Carpenter Claims $30,000 Gateway Late Model Prize

Carpenter Claims $30,000
Tyler Carpenter (28) beats Brandon Sheppard to the finish line to win Saturday's Gateway Dirt Nationals finale. (Connor Hamilton photo)

ST. LOUIS – West Virginia’s Tyler Carpenter became St. Louis’ new golden boy in one shining moment Saturday night with a stunning victory in the finale to the fourth annual Gateway Dirt Nationals.

Carpenter banked $30,000 for his efforts in arguably the biggest upset win in the four-year history of the Gateway indoor event, beating Brandon Sheppard to the checkered flag in a photo finish after a race he called “beyond a war” in victory lane.

That war took place for much of the second half of the 40-lap late model feature on the temporary fifth-mile dirt oval inside The Dome at America’s Center, as Carpenter led the way out front but had to fend off fierce challenges from both Rusty Schlenk and Ryan Unzicker.
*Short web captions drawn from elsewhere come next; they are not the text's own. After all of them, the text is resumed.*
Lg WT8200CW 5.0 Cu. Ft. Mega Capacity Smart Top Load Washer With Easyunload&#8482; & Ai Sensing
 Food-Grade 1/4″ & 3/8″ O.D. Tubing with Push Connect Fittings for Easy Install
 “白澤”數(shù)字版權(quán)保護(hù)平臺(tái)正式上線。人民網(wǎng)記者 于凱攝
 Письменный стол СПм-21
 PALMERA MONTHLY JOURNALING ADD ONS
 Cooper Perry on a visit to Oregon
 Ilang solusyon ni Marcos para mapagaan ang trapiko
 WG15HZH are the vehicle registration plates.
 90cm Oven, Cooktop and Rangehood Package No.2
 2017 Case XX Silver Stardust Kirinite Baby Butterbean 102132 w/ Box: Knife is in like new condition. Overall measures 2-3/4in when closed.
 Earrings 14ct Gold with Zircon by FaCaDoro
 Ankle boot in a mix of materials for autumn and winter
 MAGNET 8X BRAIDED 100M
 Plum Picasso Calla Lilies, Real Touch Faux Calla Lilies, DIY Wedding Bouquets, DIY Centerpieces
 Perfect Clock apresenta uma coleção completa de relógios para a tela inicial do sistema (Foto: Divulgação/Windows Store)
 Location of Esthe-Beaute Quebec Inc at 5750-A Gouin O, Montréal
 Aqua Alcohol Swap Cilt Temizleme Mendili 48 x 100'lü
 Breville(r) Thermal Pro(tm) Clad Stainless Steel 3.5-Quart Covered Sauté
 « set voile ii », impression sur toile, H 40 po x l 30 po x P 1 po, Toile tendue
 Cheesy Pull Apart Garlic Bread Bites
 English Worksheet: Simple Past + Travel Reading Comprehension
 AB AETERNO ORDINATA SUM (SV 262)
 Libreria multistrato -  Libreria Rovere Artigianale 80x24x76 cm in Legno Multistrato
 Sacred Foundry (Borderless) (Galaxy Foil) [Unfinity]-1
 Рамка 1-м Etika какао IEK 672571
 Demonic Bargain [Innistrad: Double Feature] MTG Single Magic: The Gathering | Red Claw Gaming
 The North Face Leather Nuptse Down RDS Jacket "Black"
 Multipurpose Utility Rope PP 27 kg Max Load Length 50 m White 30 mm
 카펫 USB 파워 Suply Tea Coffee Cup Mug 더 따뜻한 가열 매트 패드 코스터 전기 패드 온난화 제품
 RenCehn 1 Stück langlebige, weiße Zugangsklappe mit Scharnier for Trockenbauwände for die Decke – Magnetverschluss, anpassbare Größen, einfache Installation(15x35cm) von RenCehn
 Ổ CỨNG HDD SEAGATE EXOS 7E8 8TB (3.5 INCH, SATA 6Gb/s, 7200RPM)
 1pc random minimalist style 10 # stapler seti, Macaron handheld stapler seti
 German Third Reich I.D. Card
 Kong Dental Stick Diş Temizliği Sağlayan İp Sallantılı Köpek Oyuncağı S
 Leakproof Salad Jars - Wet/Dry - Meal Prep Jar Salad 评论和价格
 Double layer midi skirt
Carpenter’s fiercest fight came with Unzicker, the El Paso, Ill., native who actually slid past him to take the lead on lap 30, charging turns three and four and appearing to have a car capable of winning it all.

However, barely a lap after Unzicker wrestled the top spot away from Carpenter, it was all over for the driver of the No. 24 as he caught a rut wrong going into turn one with nine laps left and flipped on the frontstretch from the race lead.

While Unzicker was unharmed and crawled out of his destroyed race car under his own power, his quest to win the Gateway Dirt Nationals was over.

That turn of events put the race back into Carpenter’s hands, with 2019’s two biggest champions giving chase in Sheppard and Jonathan Davenport, who won the World of Outlaws and Lucas Oil titles, respectively.

Sheppard held serve behind Carpenter on the final restart, while a little further back, Schlenk pulled pitside with engine woes after hounding Carpenter’s back bumper during the first 20 laps.

But though the lead gap ebbed and flowed during the final five revolutions, Carpenter never faltered.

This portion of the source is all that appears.